Sans cette protection, sans cette sorte de prohibition légale, la plus grande partie du sol eût depuis longtemps échappé au dvorianstvo. La preuve en est l’état obéré de la propriété à la veille même de l’émancipation. En 1859, près des deux tiers des biens de la noblesse (65 pour 100) étaient engagés aux lombards ou établissements de crédit, et le tiers restant était souvent encore grevé d’hypothéqués au profit des particuliers. Si, au moment de l’abolition du servage, il y eût eu en Russie une nombreuse et riche bourgeoisie, le premier ordre de l’État eût été dépouillé de la meilleure partie de ses biens. L’absence de concurrence, la rareté des capitaux disponibles, la pauvreté des paysans n’ont même pu maintenir en sa possession toutes les terres que ne lui a pas légalement enlevées l’émancipation. Déjà il y a dans la propriété foncière un changement de main au détriment du dvorianstvo[3]. Pour conserver à la noblesse son ancien monopole de propriétaire, il n’y aurait qu’un moyen, l’érection de ses terres en majorats inaliénables. Le moyen serait sûr, et il s’est trouvé des hommes assez hardis pour le proposer ; mais un tel procédé d’immobilisation, appliqué à la totalité ou à la généralité des propriétés personnelles, ne ferait qu’universaliser les inconvénients inséparables des majorats et paralyser la propriété, la richesse et le pays. Des particuliers peuvent céder à la tentation de mettre leur nom et leurs descendants au-dessus des chances de la concurrence et à l’abri de la ruine, un gouvernement moderne ne permettra jamais à une classe d’enfermer ainsi à perpétuité dans ses mains la propriété du sol. Et cependant, en Russie comme ailleurs, le lien légal et indénouable du majorat peut seul maintenir à la noblesse la possession exclusive de la terre. N’étant plus protégée contre autrui et contre elle-même par l’impossibilité de vendre à des gens d’une autre classe, n’étant point couverte par le régime des successions, la noblesse russe demeure exposée à une lente expropriation au profit de la bourgeoisie ou des paysans qui chaque année s’emparent à ses dépens d’une plus large partie du sol ; avec le monopole de la propriété individuelle, elle perdra tout caractère propre, toute prépondérance sociale, elle perdra sa principale raison d’être[4].

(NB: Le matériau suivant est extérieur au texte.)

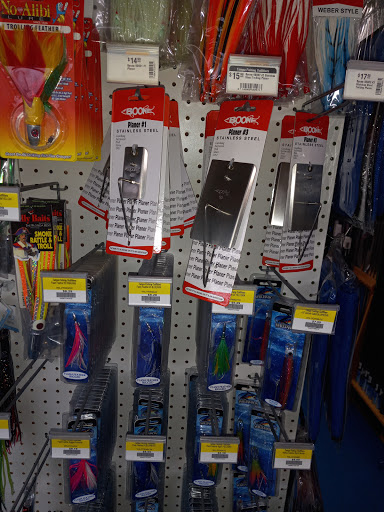 Outdoor Sports Store «Tampa Fishing Outfitters», reviews and photos, 3916 W Osborne Ave, Tampa, FL 33614, USA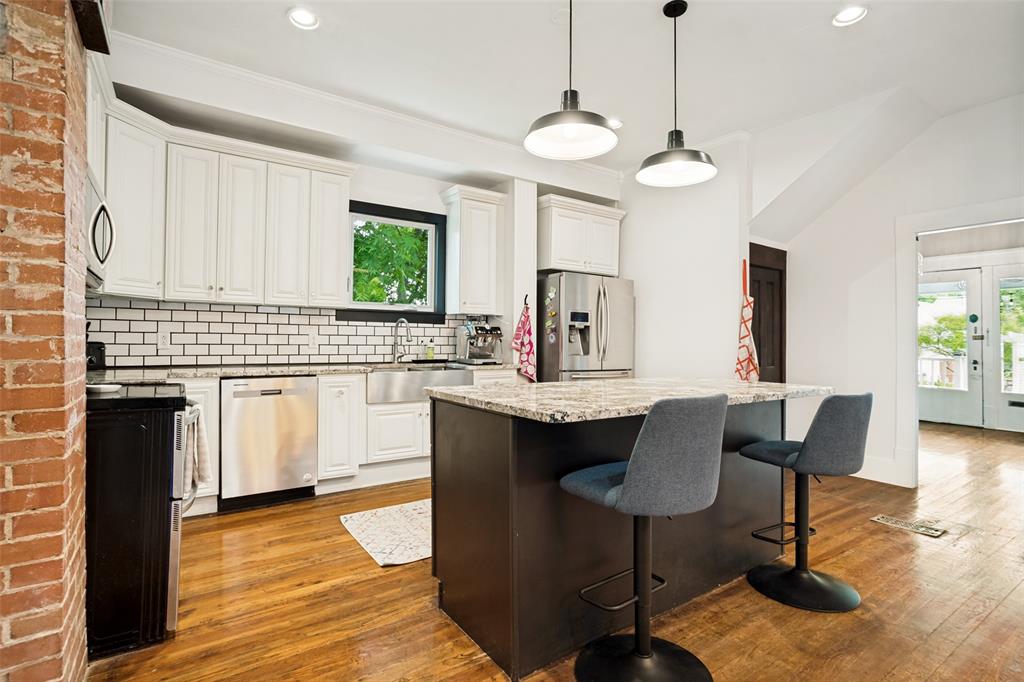 1015 N College Street Property Photo 4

Les anciennes prérogatives garanties jadis au dvorianstvo tombant ainsi une à une ou dégénérant en fictions, que restera-t-il à cette noblesse sans privilèges pour la distinguer du corps de la nation ? Il lui restera bien peu de chose, si peu qu’on se demande ce qu’auraient à perdre les nobles à la suppression de la noblesse. Sans qu’on y voulût toucher, sans qu’on eût l’intention de le diminuer, le dvorianstvo s’est vu dépouiller de presque tous ses droits, par le fait seul des changements opérés autour de lui. La noblesse a pratiquement été quasi abrogée par les réformes d’Alexandre II, sans même avoir été mentionnée. Si elle reste debout, c’est comme un arbre au pied duquel on aurait fouillé le sol, dont on aurait par mégarde atteint les racines, et qui, dans la terre bouleversée autour de lui, ne trouverait plus de point d’appui contre le premier vent d’orage. La noblesse, en Russie comme en d’autres contrées, finira par de venir une simple distinction honorifique, sans importance sociale, sans valeur politique, une distinction de vanité, ayant d’autant moins de prix qu’elle sera plus commune et aura moins de signes extérieurs pour se reconnaître. En réalité, le dvorianine n’a plus qu’un seul privilège personnel, le privilège d’entrer plus facilement au service et d’y faire plus rapidement son chemin[5]. Ce dernier avantage, la noblesse s’y attachera peut-être d’autant plus que les autres lui échappent. Dépouillé de ses prérogatives et menacé dans la propriété foncière, le dvorianstvo, appauvri, n’aura d’autre refuge que son berceau primitif, le service et le tchine. Sur ce terrain même, les privilèges que lui accordent encore la loi ou l’usage tomberont peu à peu devant le nivellement de la culture ou les exigences de l’égalité. Au service comme ailleurs, la noblesse, au lieu de droits, n’aura plus que des faveurs ; elle ne gardera d’autres avantages que ceux qui partout appartiennent au crédit et aux positions prises[6].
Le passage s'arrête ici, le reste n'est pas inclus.